* **TASK**
The reply should hold only the lines below beginning at the one with "Bismillahirrahmanirrahim. For class" and ending at the one with "Next, click on", copied exactly, with every picture left out.

#### EXTRACTED DATA

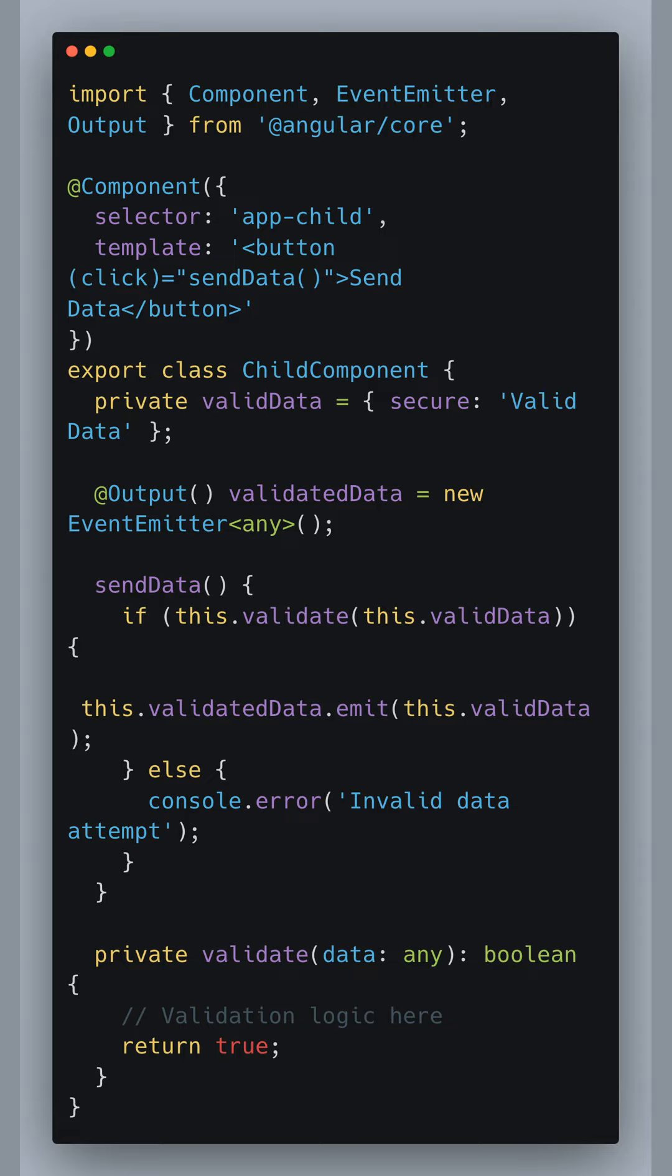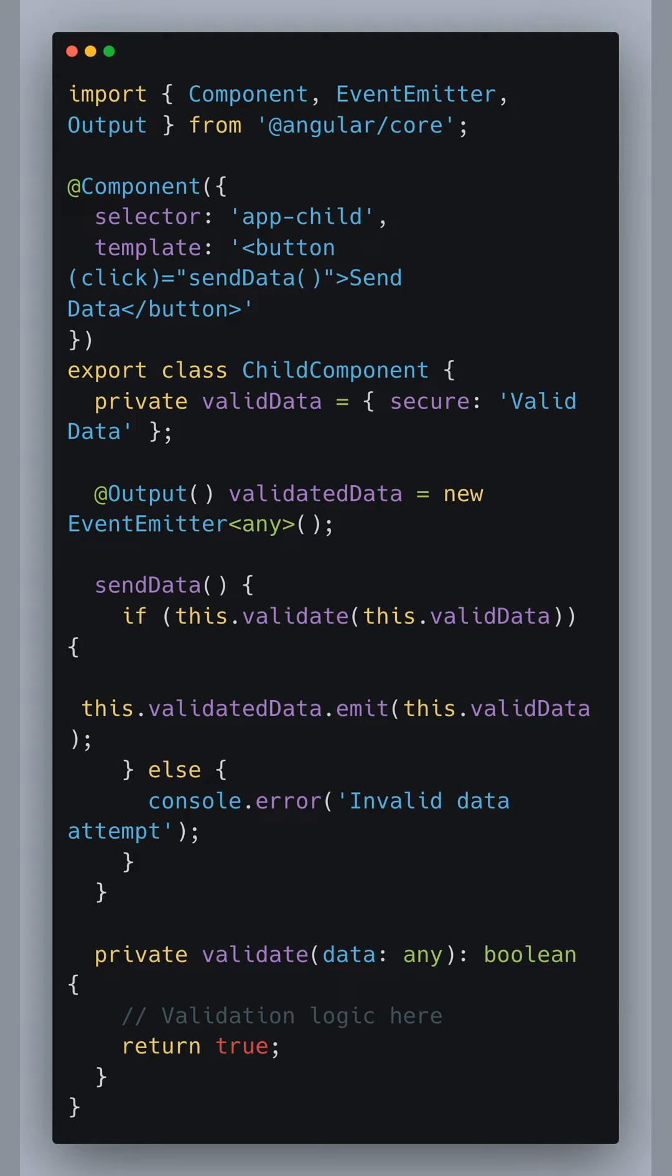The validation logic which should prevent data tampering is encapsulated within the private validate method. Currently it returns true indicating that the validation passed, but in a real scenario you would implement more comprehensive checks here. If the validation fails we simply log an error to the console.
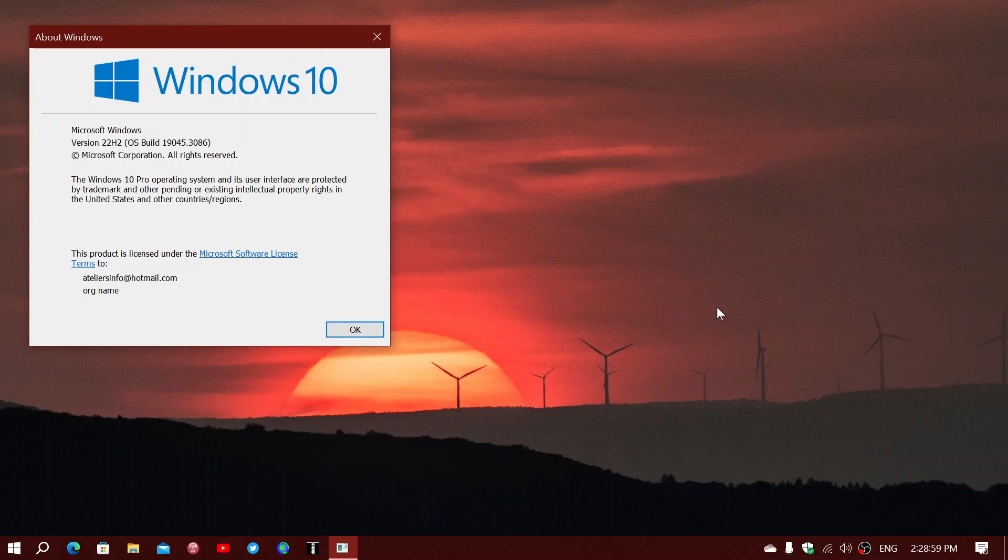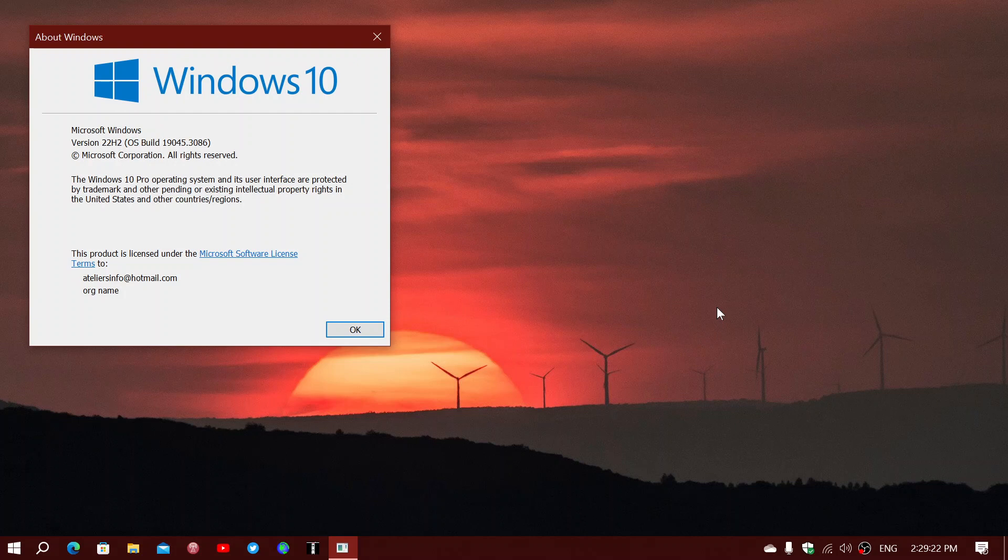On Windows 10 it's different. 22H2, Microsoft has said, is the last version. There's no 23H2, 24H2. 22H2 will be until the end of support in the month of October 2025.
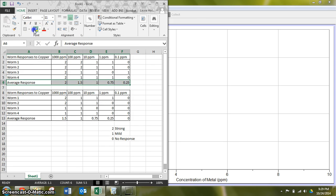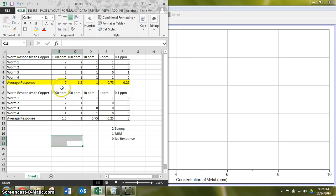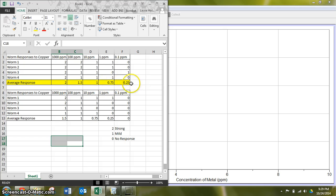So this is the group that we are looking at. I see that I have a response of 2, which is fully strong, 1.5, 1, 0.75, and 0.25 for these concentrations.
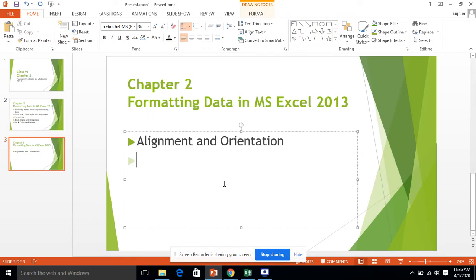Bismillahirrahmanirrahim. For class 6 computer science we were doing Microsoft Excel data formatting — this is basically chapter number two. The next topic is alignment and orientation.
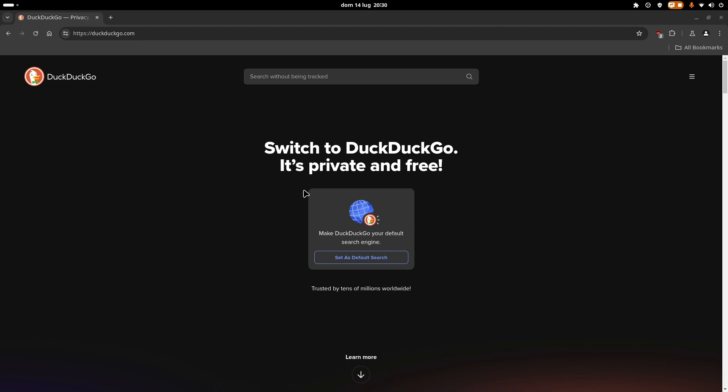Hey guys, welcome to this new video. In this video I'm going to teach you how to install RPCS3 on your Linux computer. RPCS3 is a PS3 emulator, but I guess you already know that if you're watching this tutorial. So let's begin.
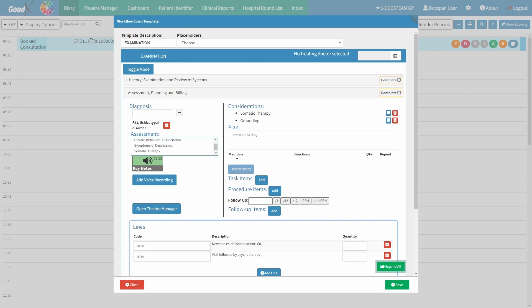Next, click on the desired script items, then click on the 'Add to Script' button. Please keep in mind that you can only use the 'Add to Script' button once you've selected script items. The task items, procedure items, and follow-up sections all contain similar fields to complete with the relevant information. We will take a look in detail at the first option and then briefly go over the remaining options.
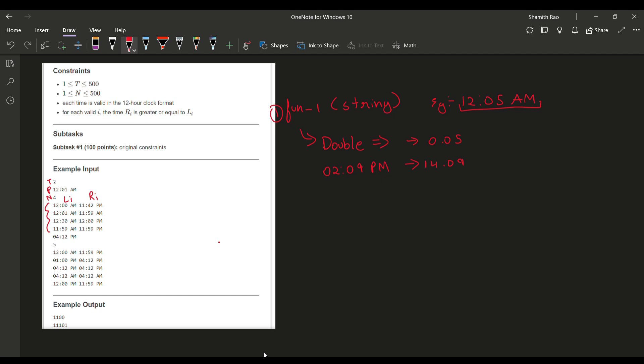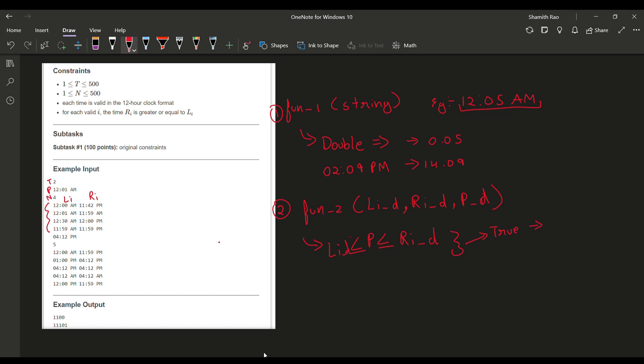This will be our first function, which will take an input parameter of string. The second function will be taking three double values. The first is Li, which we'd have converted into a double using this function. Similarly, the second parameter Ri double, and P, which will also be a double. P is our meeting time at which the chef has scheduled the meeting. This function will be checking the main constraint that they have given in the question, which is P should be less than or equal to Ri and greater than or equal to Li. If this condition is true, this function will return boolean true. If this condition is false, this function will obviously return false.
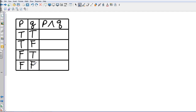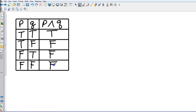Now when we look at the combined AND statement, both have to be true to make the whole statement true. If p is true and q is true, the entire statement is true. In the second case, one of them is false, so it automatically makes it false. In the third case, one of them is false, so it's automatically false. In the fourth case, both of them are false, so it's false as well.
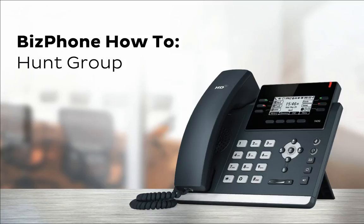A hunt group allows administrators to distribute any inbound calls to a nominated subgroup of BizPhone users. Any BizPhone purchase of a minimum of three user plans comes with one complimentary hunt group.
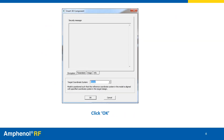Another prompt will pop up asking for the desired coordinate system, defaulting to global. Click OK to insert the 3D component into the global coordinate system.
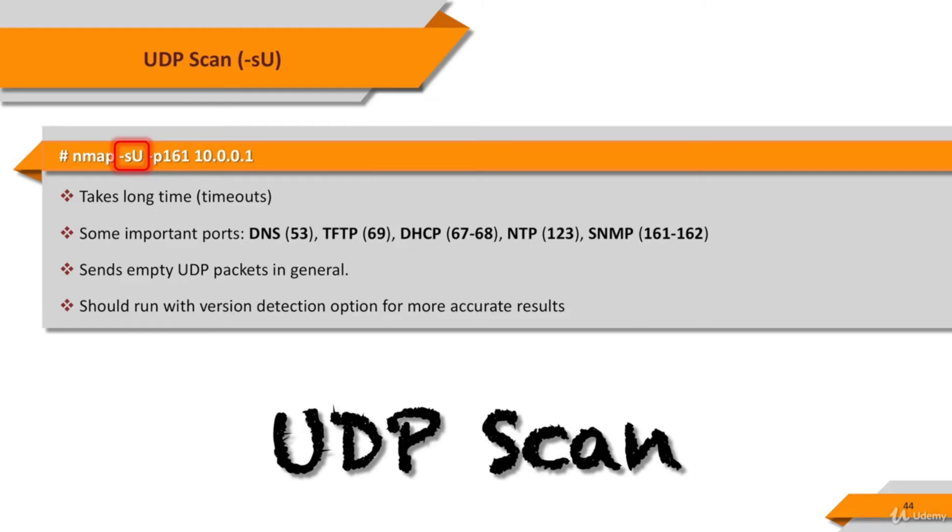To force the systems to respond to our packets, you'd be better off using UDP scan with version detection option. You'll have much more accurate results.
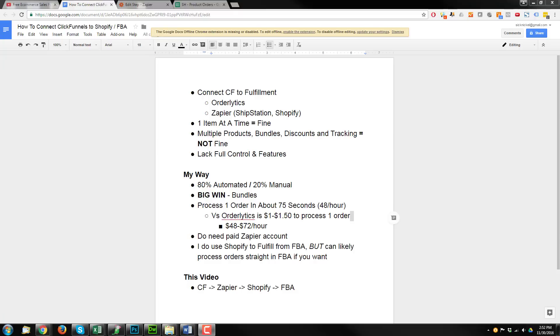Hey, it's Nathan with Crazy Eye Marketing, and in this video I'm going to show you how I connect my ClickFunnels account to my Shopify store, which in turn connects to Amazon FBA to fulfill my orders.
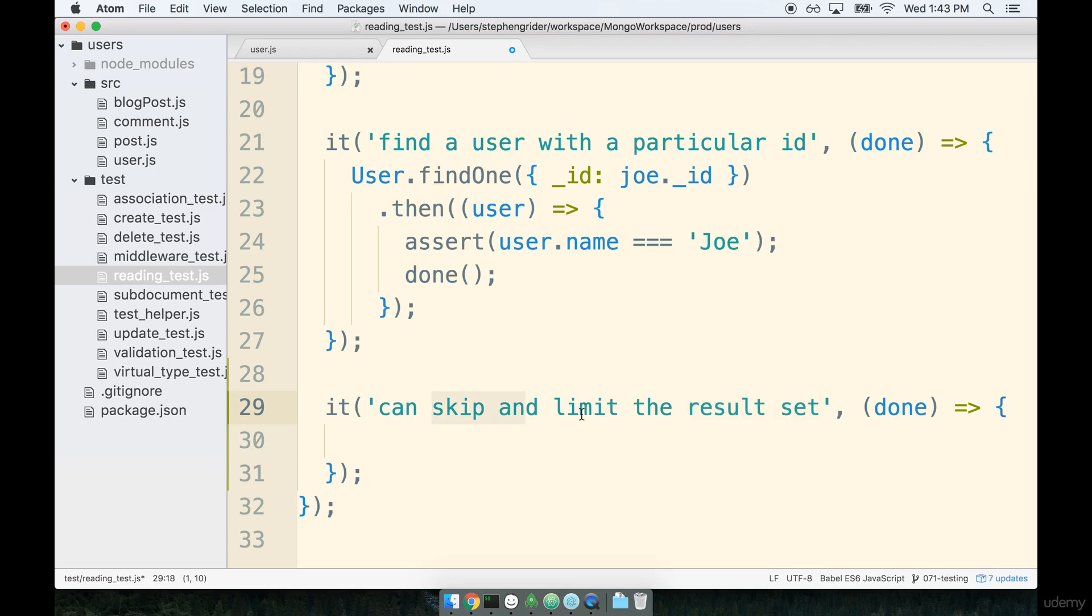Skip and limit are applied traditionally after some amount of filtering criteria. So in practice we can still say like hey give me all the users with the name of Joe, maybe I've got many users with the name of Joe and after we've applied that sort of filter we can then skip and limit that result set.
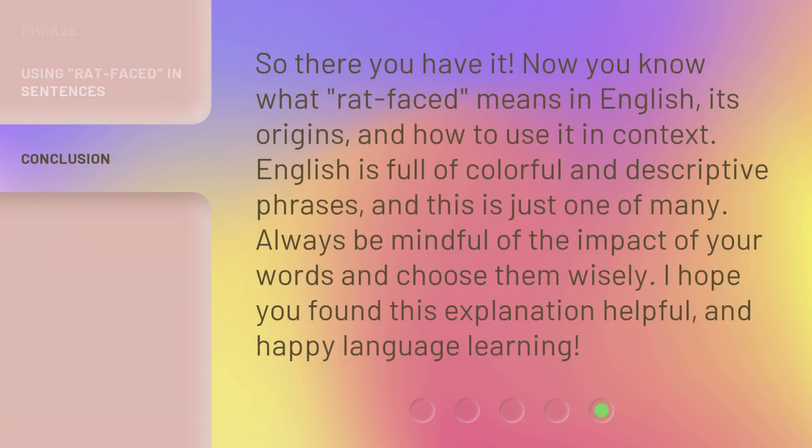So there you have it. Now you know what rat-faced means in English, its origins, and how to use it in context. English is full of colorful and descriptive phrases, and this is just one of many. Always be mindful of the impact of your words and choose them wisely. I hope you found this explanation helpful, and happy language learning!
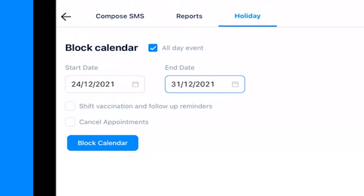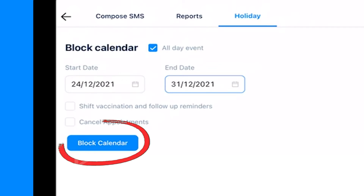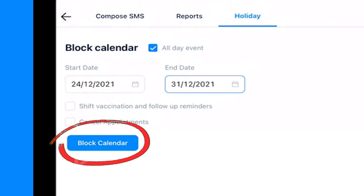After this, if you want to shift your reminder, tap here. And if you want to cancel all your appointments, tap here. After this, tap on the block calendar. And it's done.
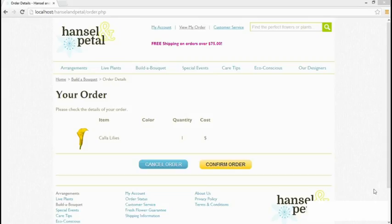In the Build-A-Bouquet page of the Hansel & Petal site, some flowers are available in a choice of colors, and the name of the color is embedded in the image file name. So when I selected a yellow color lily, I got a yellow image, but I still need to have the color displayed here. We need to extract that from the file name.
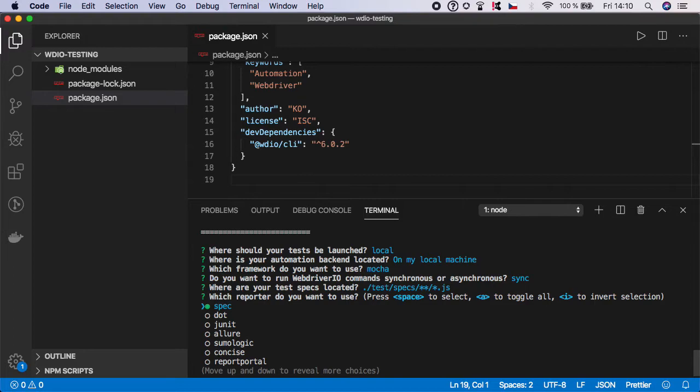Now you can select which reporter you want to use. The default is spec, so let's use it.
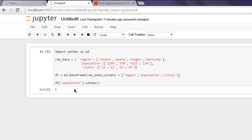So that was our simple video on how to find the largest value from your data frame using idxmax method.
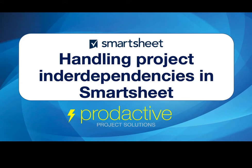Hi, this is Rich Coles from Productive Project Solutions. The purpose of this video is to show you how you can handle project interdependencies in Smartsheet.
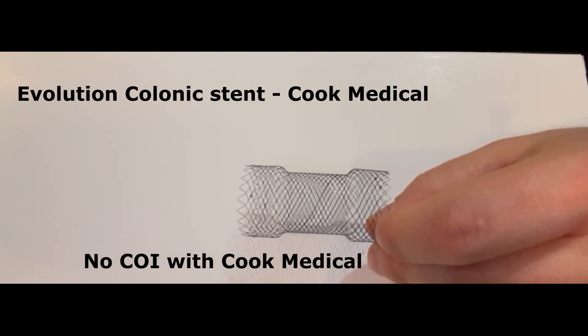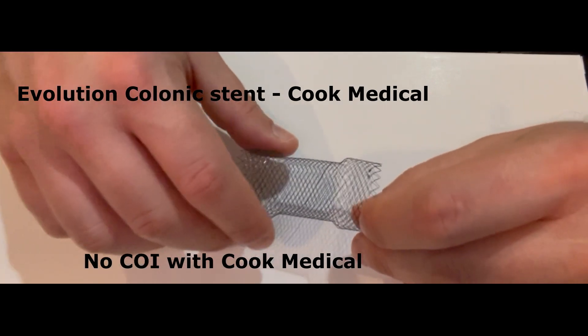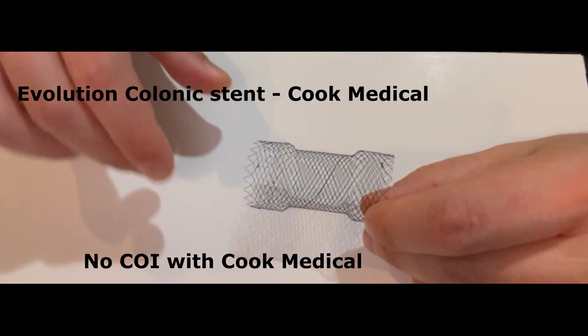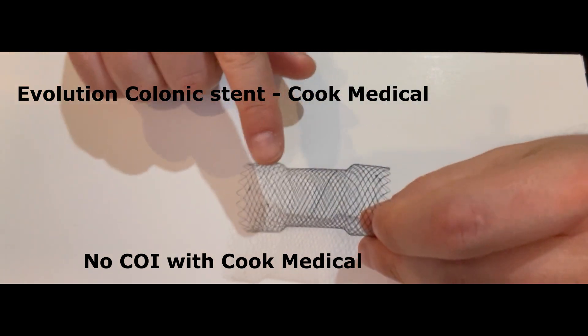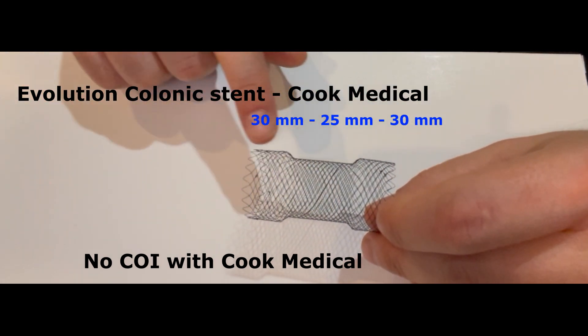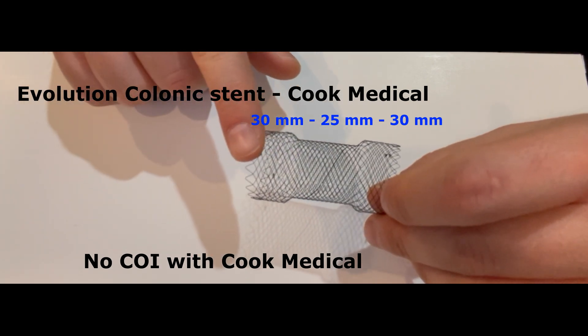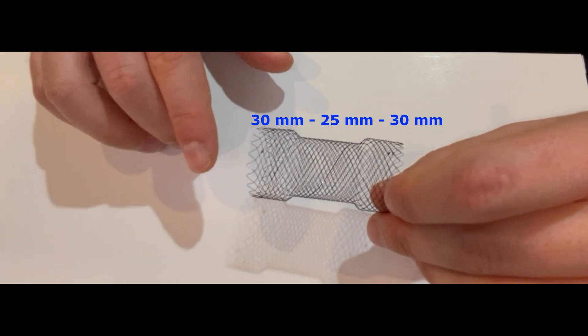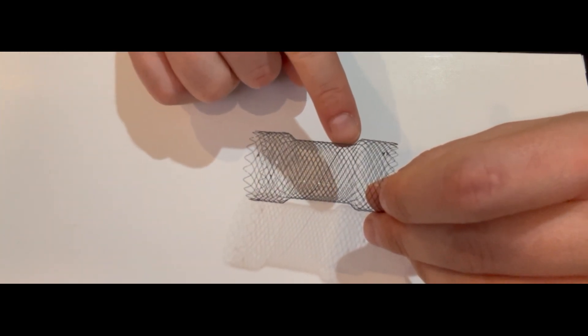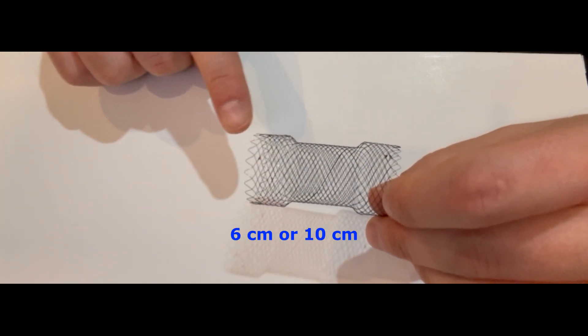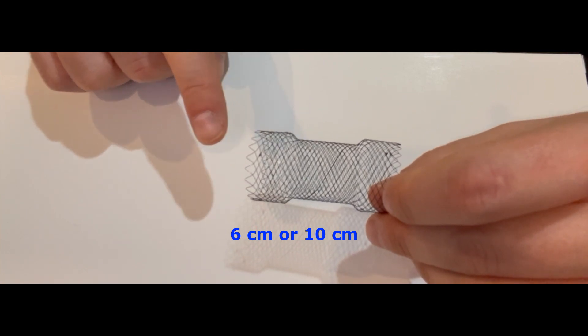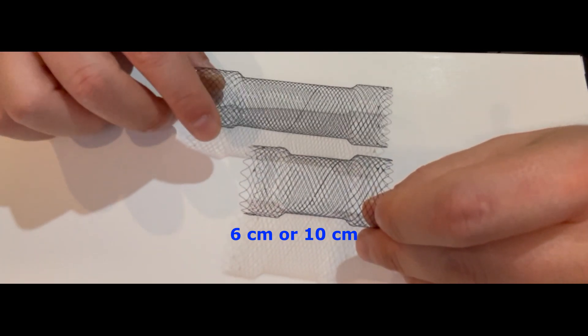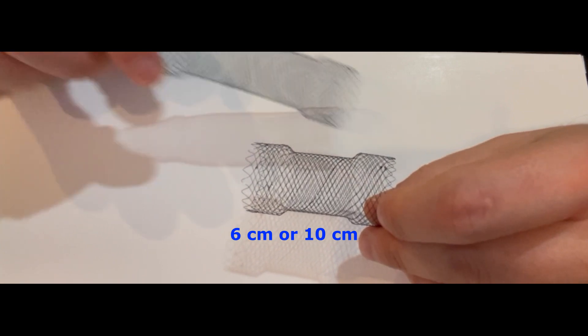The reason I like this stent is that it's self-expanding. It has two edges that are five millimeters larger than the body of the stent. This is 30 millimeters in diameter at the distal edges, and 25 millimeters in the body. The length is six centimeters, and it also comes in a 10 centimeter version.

########

* **SOLVED PROBLEM**
Bismillahirrahmanirrahim. For class 6 computer science we were doing Microsoft Excel data formatting — this is basically chapter number two. The next topic is alignment and orientation.
Hey guys, welcome to this new video. In this video I'm going to teach you how to install RPCS3 on your Linux computer. RPCS3 is a PS3 emulator, but I guess you already know that if you're watching this tutorial. So let's begin.
Next, click on the desired script items, then click on the 'Add to Script' button. Please keep in mind that you can only use the 'Add to Script' button once you've selected script items. The task items, procedure items, and follow-up sections all contain similar fields to complete with the relevant information. We will take a look in detail at the first option and then briefly go over the remaining options.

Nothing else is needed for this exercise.